Besides the medical field, there is space to consider the social determinants of health across policymaking. El-Sayed has termed the Green New Deal a “Public Health New Deal” because it would create jobs for people in poverty and eliminate the emissions that damage the lungs of mostly low-income people. After all, it is no coincidence that a trash incinerator was built next to some of the poorest neighborhoods in Detroit. 

There is no silver bullet to solve poverty and embedded systems of racism, classism, sexism, and ableism. But Medicare for All is a starting point to address health disparities and overarching inequality. So is gaining a broader understanding of what makes us sick and why. 

We must change the structure of our health care system and guarantee health care as a human right. We need Medicare for All. But much more must be done than just guaranteeing insurance and access.

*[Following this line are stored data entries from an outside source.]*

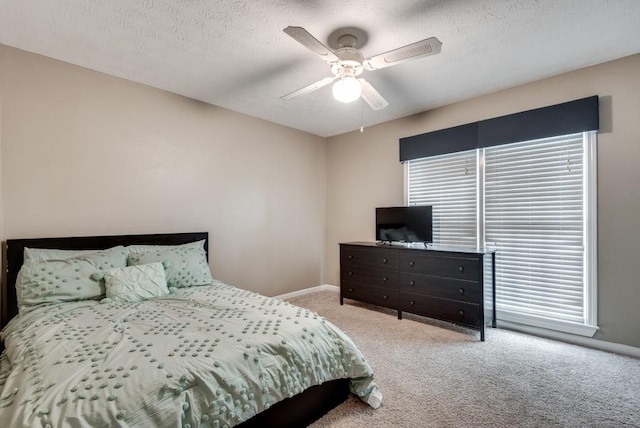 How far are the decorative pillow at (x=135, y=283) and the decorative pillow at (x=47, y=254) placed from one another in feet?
1.30

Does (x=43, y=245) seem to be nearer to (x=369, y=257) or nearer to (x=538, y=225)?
(x=369, y=257)

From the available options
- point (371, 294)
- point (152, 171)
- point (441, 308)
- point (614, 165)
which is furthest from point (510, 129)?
point (152, 171)

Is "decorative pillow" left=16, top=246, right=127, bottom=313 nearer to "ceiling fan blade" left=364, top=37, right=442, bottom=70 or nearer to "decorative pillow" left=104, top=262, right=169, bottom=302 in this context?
"decorative pillow" left=104, top=262, right=169, bottom=302

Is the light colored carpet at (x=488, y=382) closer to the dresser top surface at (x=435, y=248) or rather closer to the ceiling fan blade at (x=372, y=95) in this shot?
the dresser top surface at (x=435, y=248)

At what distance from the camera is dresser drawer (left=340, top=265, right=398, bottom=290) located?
11.4 feet

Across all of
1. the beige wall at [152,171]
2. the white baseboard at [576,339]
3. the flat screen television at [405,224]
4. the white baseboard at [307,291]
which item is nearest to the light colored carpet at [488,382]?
the white baseboard at [576,339]

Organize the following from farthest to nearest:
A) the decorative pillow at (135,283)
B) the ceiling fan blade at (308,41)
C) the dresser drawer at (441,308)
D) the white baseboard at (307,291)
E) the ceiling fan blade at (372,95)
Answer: the white baseboard at (307,291) < the dresser drawer at (441,308) < the ceiling fan blade at (372,95) < the decorative pillow at (135,283) < the ceiling fan blade at (308,41)

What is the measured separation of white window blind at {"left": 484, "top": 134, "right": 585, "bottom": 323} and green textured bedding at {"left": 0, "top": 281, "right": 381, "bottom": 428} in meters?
2.14

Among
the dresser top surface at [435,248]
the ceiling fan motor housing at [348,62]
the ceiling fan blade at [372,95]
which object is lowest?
the dresser top surface at [435,248]

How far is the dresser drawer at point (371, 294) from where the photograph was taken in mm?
3482

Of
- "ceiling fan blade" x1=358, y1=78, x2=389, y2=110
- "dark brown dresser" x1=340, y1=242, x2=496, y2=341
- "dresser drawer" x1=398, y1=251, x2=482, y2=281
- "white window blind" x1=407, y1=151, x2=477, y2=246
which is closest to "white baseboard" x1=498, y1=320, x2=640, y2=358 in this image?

Health care alone does not mean health.

Consider the city of Detroit, where an incinerator built in 1986 turned more than 3,000 tons of garbage into toxic ash each day while pumping pollutants into the surrounding neighborhood. Since 2013, according to the Great Lakes Environmental Law Center, it was flagged for violating emissions standards 750 times. The community near the incinerator, which is majority low-income and majority people of color, has some of the highest rates of asthma in the state of Michigan. 

In 2015, the law center found, 66 percent of the waste came from the mostly white and very wealthy Oakland County, and just 19 percent from Wayne County, which includes the city of Detroit. Will Copeland, an organizer with Breathe Free Detroit, the campaign that arose to shut down the incinerator, calls what was happening “an environmental justice issue in terms of other people throwing trash away [that] was going straight to the lungs of black Detroiters.”

In spring of last year, the company that owns the incinerator, bowing to mounting public pressure, agreed to shut it down. It was a health win that had nothing to do with access to care or insurance.

Take, for another example, the shortage of safe and secure housing, which is necessary for physical, and psychological, well-being. Housing that contains lead paint or asbestos might literally make people sick, while not being able to afford housing can cause dangerous levels of stress. The people most likely to live in subpar housing or have trouble making rent are those with low incomes, and are disproportionately people of color. And often they live in communities segregated by racist redlining policies and biased zoning laws.

Social determinants related to race, gender, class, and sexual orientation affect how illness and disease are handled at every level, from initial screening to treatments. 

For example, people of color face higher rates of cancer yet are underrepresented in clinical trials. Black mothers have higher rates of maternal mortality and also higher rates of infant mortality, even when controlling for income. Health care for Native Americans is severely underfunded. Life expectancy varies greatly across the income divide—and recently, life expectancy has been falling in the United States, partly due to the opioid crisis.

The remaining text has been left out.